Elizabeth Lucas Pinckney
Elizabeth Lucas was born in the Caribbean, on the island of Antigua, in the British West Indies. The daughter of a British official and army officer, Elizabeth was educated in England, before her father moved his family to the South Carolina Colony in 1738. They settled on the Wappoo River, near the capital of Charles Town.
Lieutenant Colonel Lucas went to England in 1739, leaving his young daughter in charge of her ailing mother as well as the main plantation at Wappoo and two other family properties. Eliza, as she was usually called, responded swiftly to the new responsibilities; she became known as one of the most efficient and charming plantation mistresses in the colony.
Eliza Lucas began to experiment with indigo seeds in 1741. Up to this time, rice had been the principal crop for the South Carolina Colony. Eliza had only moderate success at first. However, with the assistance of an experienced planter her father sent from the Caribbean, by 1744, Lucas had successfully ripened indigo seeds.
She sent her firstindigo shipment—six pounds—to England in 1747. By 1774, the year prior to the American Revolution, the export had risen to an amazing 1,107,660 pounds. In 1744, Lucas married Charles Pinckney, a widower who was twice her age. He built the Belmont plantation on Charles Town Neck and the couple lived in prosperity and social distinction.

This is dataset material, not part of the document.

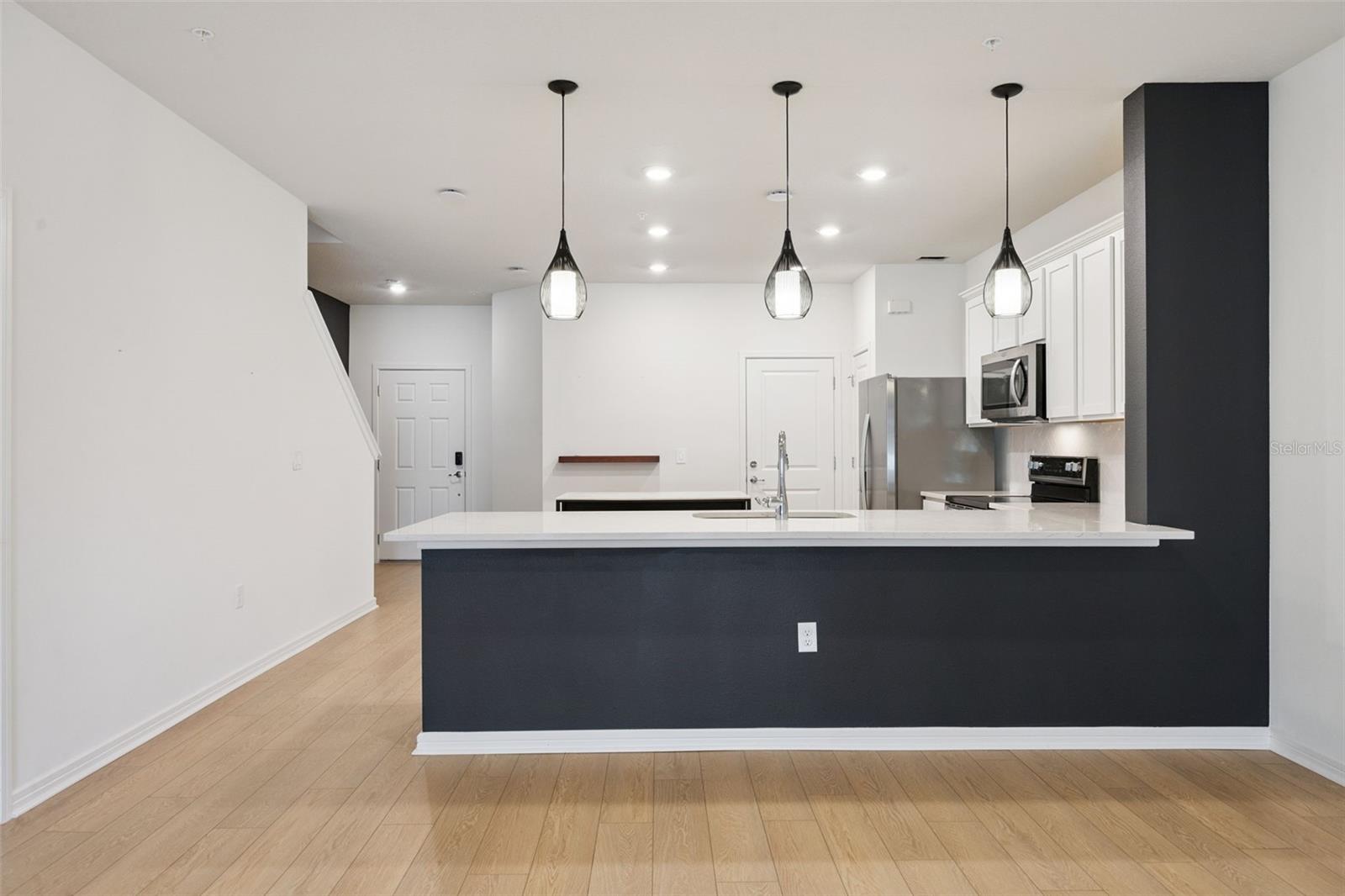 Image 11 of 67 For 1900 Erudite Way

Pinckeny was appointed the colonial agent for South Carolina in 1753 and the family moved to England. Charles Pinckney died in 1758, and Eliza returned to South Carolina. She left her two sons in England to receive their education, and did not see them again until the start of the American Revolution.

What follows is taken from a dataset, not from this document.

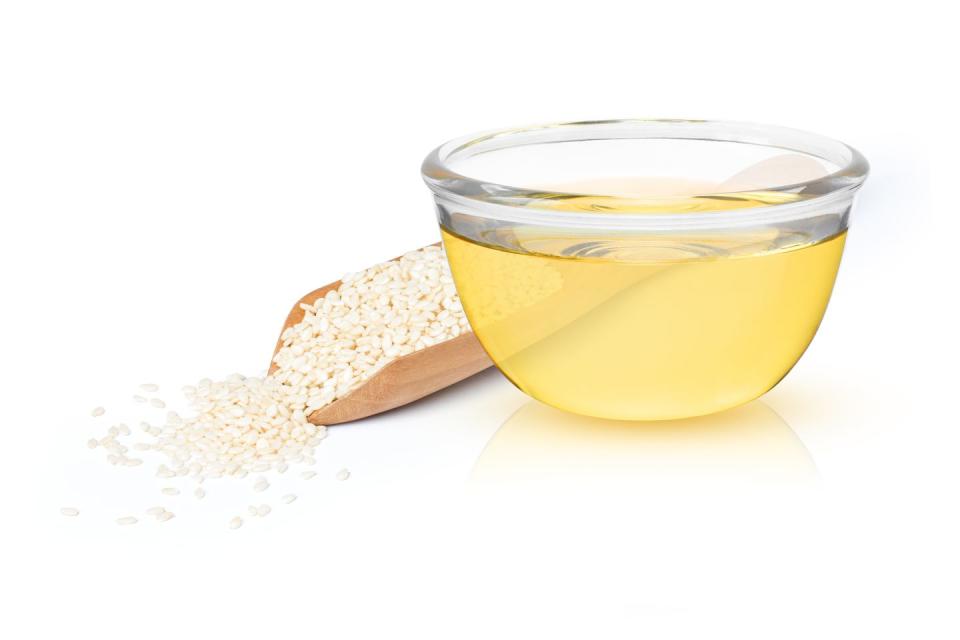 sesame oil with white sesame seed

Though they were schooled in Britain, the sons sided with the Patriot cause, served with distinction during the war, and then went on to fill important positions during the early Federal period.
Eliza’s later years were spent with her family. She lived at the family property at Belmont until 1783, when she went to live with her widowed daughter and her grandchildren at the plantation on the Santee River. During these years, Eliza also became a good friend of George Washington; when she died in Philadelphia at the age of 71, at his own request, President Washington served as one of the pallbearers at her funeral.